Der Bescheid wird aufgehoben.
Das Land Salzburg ist schuldig, den Beschwerdeführern zu Handen ihrer bevollmächtigten Vertreter die mit 15.000 S bestimmten Kosten des Verfahrens binnen 14 Tagen bei sonstigem Zwang zu ersetzen.
Begründung
Entscheidungsgründe:
I. 1. Die Beschwerdeführer - deutsche Staatsangehörige - schlossen einen "Kauf- und Wohnungseigentumsvertrag" über jene Wohnungen ab, die auf den - ausschließlich im (Mit-)Eigentum deutscher Staatsangehöriger stehenden - Grundstücken Nr. 161/2, 161/9 und 169/4 in EZ 206 KG Hinterthal errichtet worden waren.
Die Grundverkehrslandeskommission Salzburg wies den Antrag der Beschwerdeführer auf Erteilung der grundverkehrsbehördlichen Zustimmung zu diesem Vertrag unter Berufung auf §9 Abs1 Z3 und Abs3 des Salzburger Grundverkehrsgesetzes 1986, LGBl. 73 (im folgenden: SGVG 1986), der Sache nach mit der Begründung ab, daß die den Gegenstand des Vertrages bildenden, zur Verwendung als Zweitwohnsitz bestimmten (Eigentums-)Wohnungen in einem Zweitwohnungsgebiet gelegen seien und in dem betreffenden (mehr als drei Wohnungen aufweisenden) Wohnobjekt sich mehr als 50 vH des ideellen Miteigentums im Besitz von Ausländern befinde, somit eine Überfremdung iS des §9 Abs1 Z1 (iVm Abs3) SGVG 1986 bestehe.
2. Gegen diesen Bescheid richtet sich die vorliegende, auf Art144 Abs1 B-VG gestützte Beschwerde an den Verfassungsgerichtshof, mit der die Verletzung des verfassungsgesetzlich gewährleisteten Rechtes auf Unversehrtheit des Eigentums geltend gemacht und die kostenpflichtige Aufhebung des angefochtenen Bescheides begehrt wird.
3. Die Grundverkehrslandeskommission als belangte Behörde hat die Verwaltungsakten vorgelegt, von der Erstattung einer Gegenschrift jedoch abgesehen.
II. Der Verfassungsgerichtshof hat über die - zulässige -
Beschwerde erwogen:
1. Die im vorliegenden Fall in erster Linie bedeutsamen
Vorschriften des SGVG 1986 haben folgenden Wortlaut:
"Beschränkung des Grundverkehrs für Ausländer
§8. (1) Unbeschadet des Erfordernisses einer Zustimmung der Grundverkehrsbehörde gemäß §2 Abs1 bedürfen folgende Rechtsgeschäfte unter Lebenden einer Zustimmung der Grundverkehrsbehörde, wenn der Rechtserwerber ein Ausländer ist und staatsvertragliche Verpflichtungen nicht anderes bestimmen:
a) die Übertragung des Eigentums an einem Grundstück, Gebäude oder an Teilen hievon;
...
Voraussetzungen für die Zustimmung
§9. (1) Die Zustimmung darf nur erteilt werden, wenn kein Versagungsgrund gemäß §10 vorliegt und
1. ...
3. der Gegenstand des Rechtsgeschäftes dem Ausländer zur Begründung eines Zweitwohnsitzes dienen soll, sofern dieser in einem Zweitwohnungsgebiet (§12 Abs1 Z6 des Salzburger Raumordnungsgesetzes 1977, LGBl.

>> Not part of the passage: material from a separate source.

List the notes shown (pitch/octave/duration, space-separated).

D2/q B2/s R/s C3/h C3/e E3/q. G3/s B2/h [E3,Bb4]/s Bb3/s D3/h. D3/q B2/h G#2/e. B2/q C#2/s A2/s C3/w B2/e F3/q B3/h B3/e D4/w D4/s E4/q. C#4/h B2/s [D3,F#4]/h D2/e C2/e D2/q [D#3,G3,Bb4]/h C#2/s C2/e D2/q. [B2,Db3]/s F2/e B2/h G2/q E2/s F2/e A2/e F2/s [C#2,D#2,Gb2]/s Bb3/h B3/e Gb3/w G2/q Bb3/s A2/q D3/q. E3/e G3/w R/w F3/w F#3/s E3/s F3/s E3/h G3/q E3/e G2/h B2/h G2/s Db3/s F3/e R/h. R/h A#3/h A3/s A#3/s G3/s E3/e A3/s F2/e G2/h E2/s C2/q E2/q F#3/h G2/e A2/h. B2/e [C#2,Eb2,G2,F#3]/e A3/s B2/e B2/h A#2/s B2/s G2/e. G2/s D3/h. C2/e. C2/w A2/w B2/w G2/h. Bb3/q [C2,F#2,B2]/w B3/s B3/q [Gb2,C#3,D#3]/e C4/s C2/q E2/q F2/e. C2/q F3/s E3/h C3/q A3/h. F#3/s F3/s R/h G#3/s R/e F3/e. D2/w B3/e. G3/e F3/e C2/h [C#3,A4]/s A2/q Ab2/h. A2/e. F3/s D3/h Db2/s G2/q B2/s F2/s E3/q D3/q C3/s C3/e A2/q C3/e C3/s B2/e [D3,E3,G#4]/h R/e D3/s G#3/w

Nr. 26) gelegen ist und in diesem Gebiet oder in dem betreffenden Wohnobjekt noch keine Überfremdung (Abs3) besteht oder durch das Rechtsgeschäft eintritt;
...
(3) Überfremdung im Sinne des Abs1 Z3 liegt vor, wenn
a) in dem Zweitwohnungsgebiet zumindest 50 v.H. des Grundeigentums,
b) bei Bauten mit mehr als drei Wohneinheiten aber zumindest 50 v.H. des ideellen Miteigentums
sich im Besitz von Ausländern befinden. Bei der Feststellung des ausländischen Grundeigentums gemäß lita ist ideelles Miteigentum unter Einschluß eines solchen gemäß litb anteilig zu berücksichtigen. ...

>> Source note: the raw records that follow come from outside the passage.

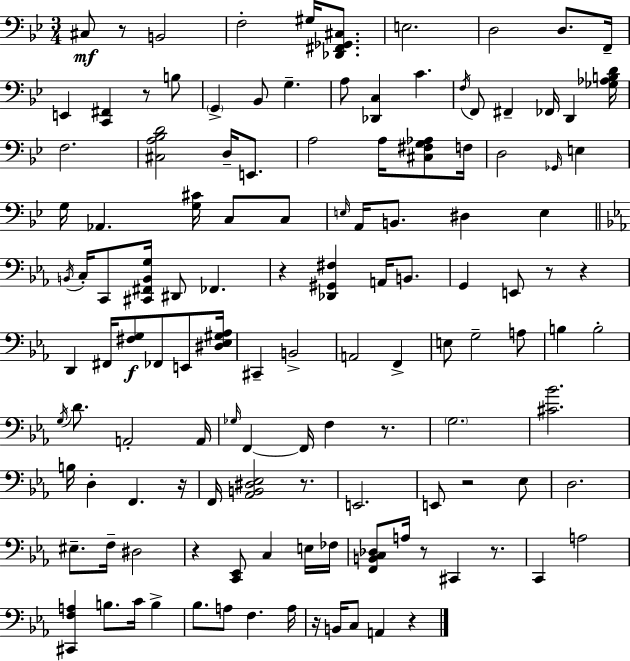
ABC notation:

X:1
T:Untitled
M:3/4
L:1/4
K:Bb
^C,/2 z/2 B,,2 F,2 ^G,/4 [_D,,^F,,_G,,^C,]/2 E,2 D,2 D,/2 F,,/4 E,, [C,,^F,,] z/2 B,/2 G,, _B,,/2 G, A,/2 [_D,,C,] C F,/4 F,,/2 ^F,, _F,,/4 D,, [_G,_A,B,D]/4 F,2 [^C,A,_B,D]2 D,/4 E,,/2 A,2 A,/4 [^C,^F,G,_A,]/2 F,/4 D,2 _G,,/4 E, G,/4 _A,, [G,^C]/4 C,/2 C,/2 E,/4 A,,/4 B,,/2 ^D, E, B,,/4 C,/4 C,,/2 [^C,,^F,,B,,G,]/4 ^D,,/2 _F,, z [_D,,^G,,^F,] A,,/4 B,,/2 G,, E,,/2 z/2 z D,, ^F,,/4 [^F,G,]/2 _F,,/2 E,,/2 [^D,_E,^G,_A,]/4 ^C,, B,,2 A,,2 F,, E,/2 G,2 A,/2 B, B,2 G,/4 D/2 A,,2 A,,/4 _G,/4 F,, F,,/4 F, z/2 G,2 [^C_B]2 B,/4 D, F,, z/4 F,,/4 [_A,,B,,^D,_E,]2 z/2 E,,2 E,,/2 z2 _E,/2 D,2 ^E,/2 F,/4 ^D,2 z [C,,_E,,]/2 C, E,/4 _F,/4 [F,,B,,C,_D,]/2 A,/4 z/2 ^C,, z/2 C,, A,2 [^C,,F,A,] B,/2 C/4 B, _B,/2 A,/2 F, A,/4 z/4 B,,/4 C,/2 A,, z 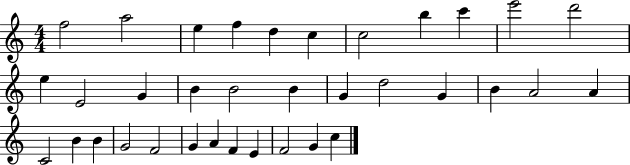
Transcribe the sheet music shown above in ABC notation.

X:1
T:Untitled
M:4/4
L:1/4
K:C
f2 a2 e f d c c2 b c' e'2 d'2 e E2 G B B2 B G d2 G B A2 A C2 B B G2 F2 G A F E F2 G c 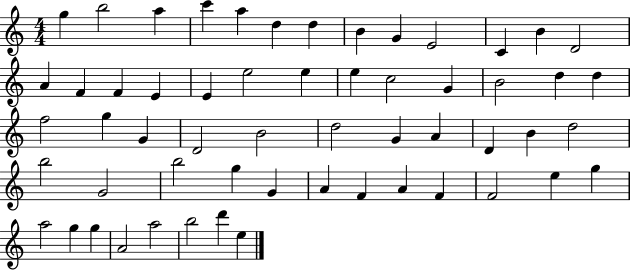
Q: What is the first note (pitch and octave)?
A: G5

(4) Die Zustimmung nach Abs1 Z3 darf trotz Überfremdung ausnahmsweise erteilt werden, wenn nach den besonderen Umständen des Einzelfalles es eine unbillige Härte für den Veräußerer, Verpächter o.dgl. darstellen würde, sie aus diesem Grund zu versagen. Liegt eine solche unbillige Härte vor und sprechen besondere örtliche öffentliche Interessen dafür, so kann bei Bauten mit mehr als drei Wohneinheiten eine Zustimmung nach Abs1 Z3 ausnahmsweise auch außerhalb von Zweitwohnungsgebieten erteilt werden."

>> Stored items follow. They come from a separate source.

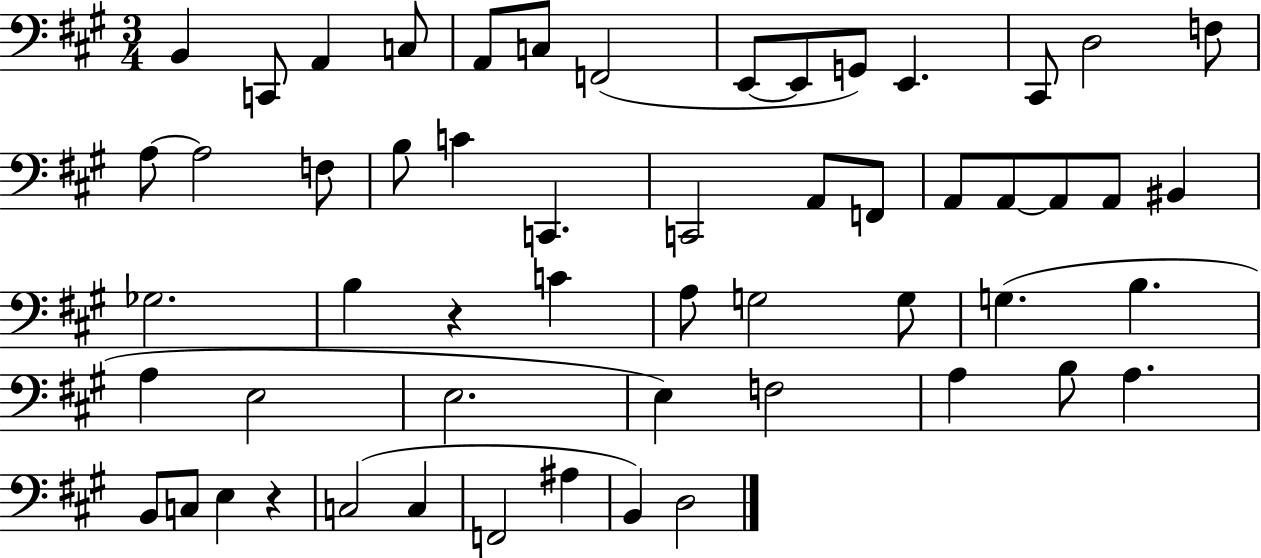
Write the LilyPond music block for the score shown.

{
  \clef bass
  \numericTimeSignature
  \time 3/4
  \key a \major
  b,4 c,8 a,4 c8 | a,8 c8 f,2( | e,8~~ e,8 g,8) e,4. | cis,8 d2 f8 | \break a8~~ a2 f8 | b8 c'4 c,4. | c,2 a,8 f,8 | a,8 a,8~~ a,8 a,8 bis,4 | \break ges2. | b4 r4 c'4 | a8 g2 g8 | g4.( b4. | \break a4 e2 | e2. | e4) f2 | a4 b8 a4. | \break b,8 c8 e4 r4 | c2( c4 | f,2 ais4 | b,4) d2 | \break \bar "|."
} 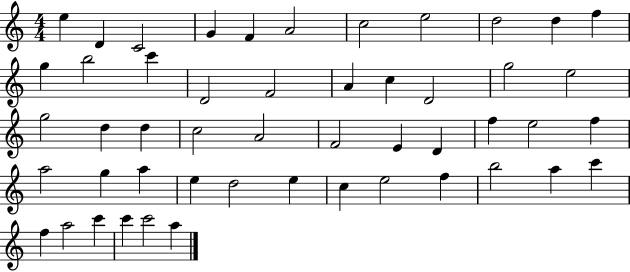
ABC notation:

X:1
T:Untitled
M:4/4
L:1/4
K:C
e D C2 G F A2 c2 e2 d2 d f g b2 c' D2 F2 A c D2 g2 e2 g2 d d c2 A2 F2 E D f e2 f a2 g a e d2 e c e2 f b2 a c' f a2 c' c' c'2 a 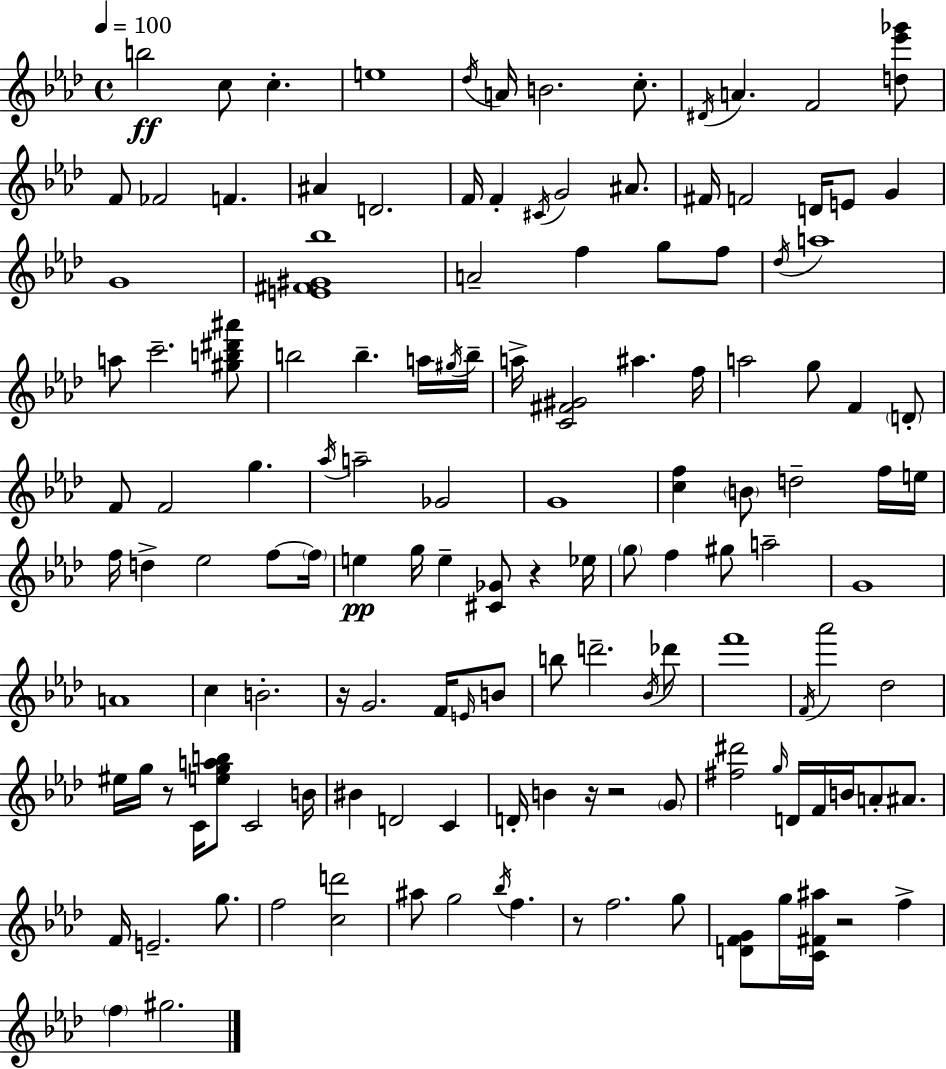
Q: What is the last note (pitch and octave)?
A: G#5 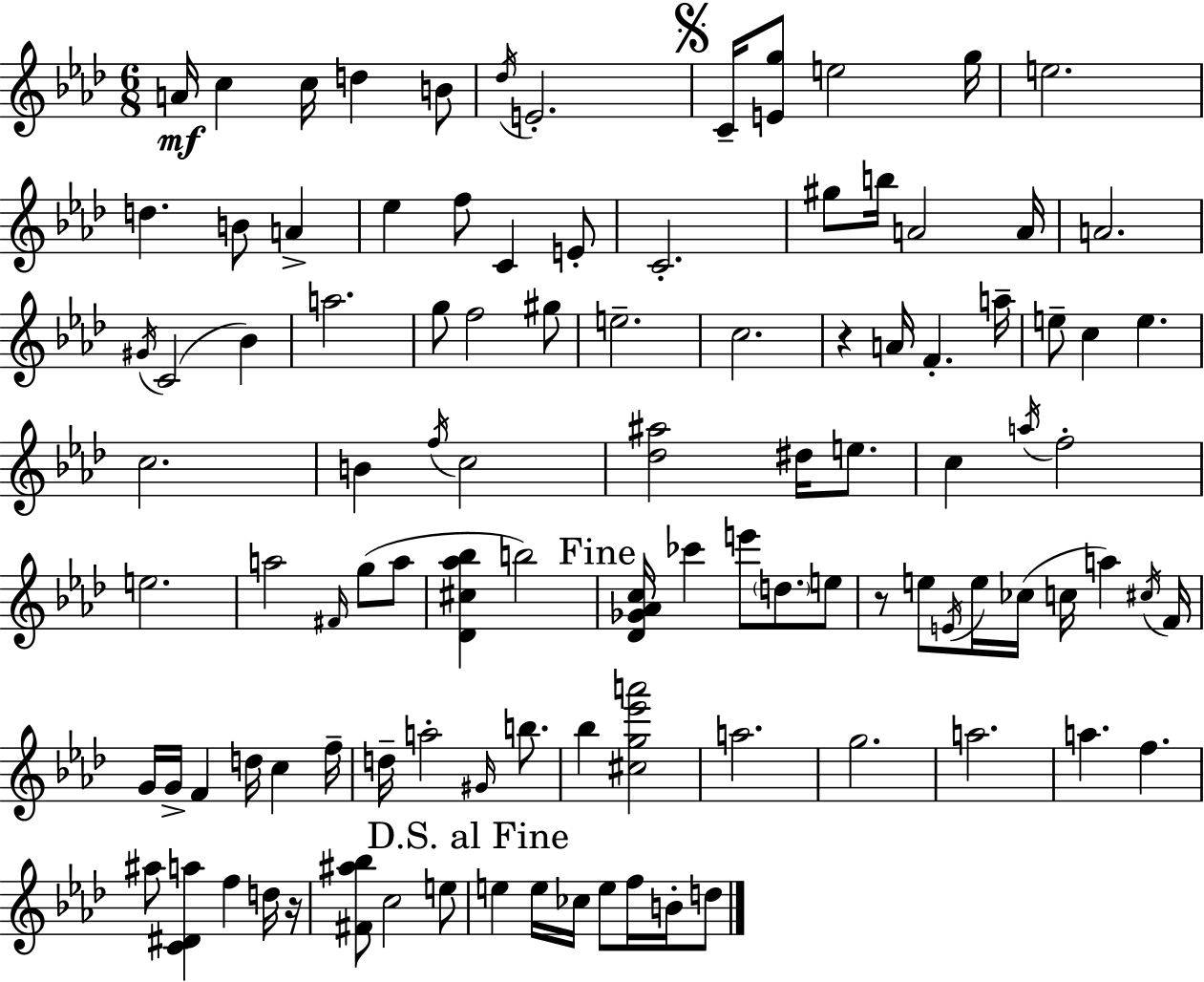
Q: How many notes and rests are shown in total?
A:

2. Soweit aus den dem Verfassungsgerichtshof vorgelegten Verwaltungsakten ersichtlich, liegt dem angefochtenen Bescheid - kurz zusammengefaßt - folgender Sachverhalt zugrunde:
Die in Rede stehenden Grundstücke, auf denen sich das Gebäude der ehemaligen Volksschule der Gemeinde Maria Alm befand, wurden von sieben Staatsangehörigen der Bundesrepublik Deutschland, darunter einige der nunmehrigen Beschwerdeführer, auf Grund eines Kaufvertrages, dem die Zustimmung der Grundverkehrslandeskommission Salzburg erteilt worden war, erworben; die Grundstücke stehen derzeit noch im bücherlichen (Mit-)Eigentum dieser Personen. In dem ehemaligen Schulgebäude wurden in der Folge (abweichend vom ursprünglichen Vorhaben, wonach die Errichtung von lediglich sieben Wohnungen vorgesehen war) acht Wohnungen errichtet. Dies geschah auf Kosten der Miteigentümer, wobei jedoch die Kosten für die Errichtung einer Wohnung nicht vom bücherlichen Eigentümer, sondern von einem Dritten (dem nunmehrigen Achtbeschwerdeführer, der gleichfalls deutscher Staatsangehöriger ist) getragen wurden, der über die Anteile eines Miteigentümers (des nunmehrigen Zweitbeschwerdeführers) einen Kaufvertrag geschlossen hatte, dem die grundverkehrsbehördliche Zustimmung versagt wurde. Nicht die grundverkehrsbehördliche Zustimmung fand des weiteren ein Kaufvertrag, mit dem vier der nunmehrigen Beschwerdeführer ihre einer bestimmten Wohnung zugeordneten Eigentumsanteile an eine deutsche Staatsangehörige (die nunmehrige Zwölftbeschwerdeführerin, die sich gleichfalls an den Kosten der Finanzierung des Vorhabens und den Umbaukosten beteiligt hatte) veräußerten, die zuvor nicht Miteigentümerin gewesen war.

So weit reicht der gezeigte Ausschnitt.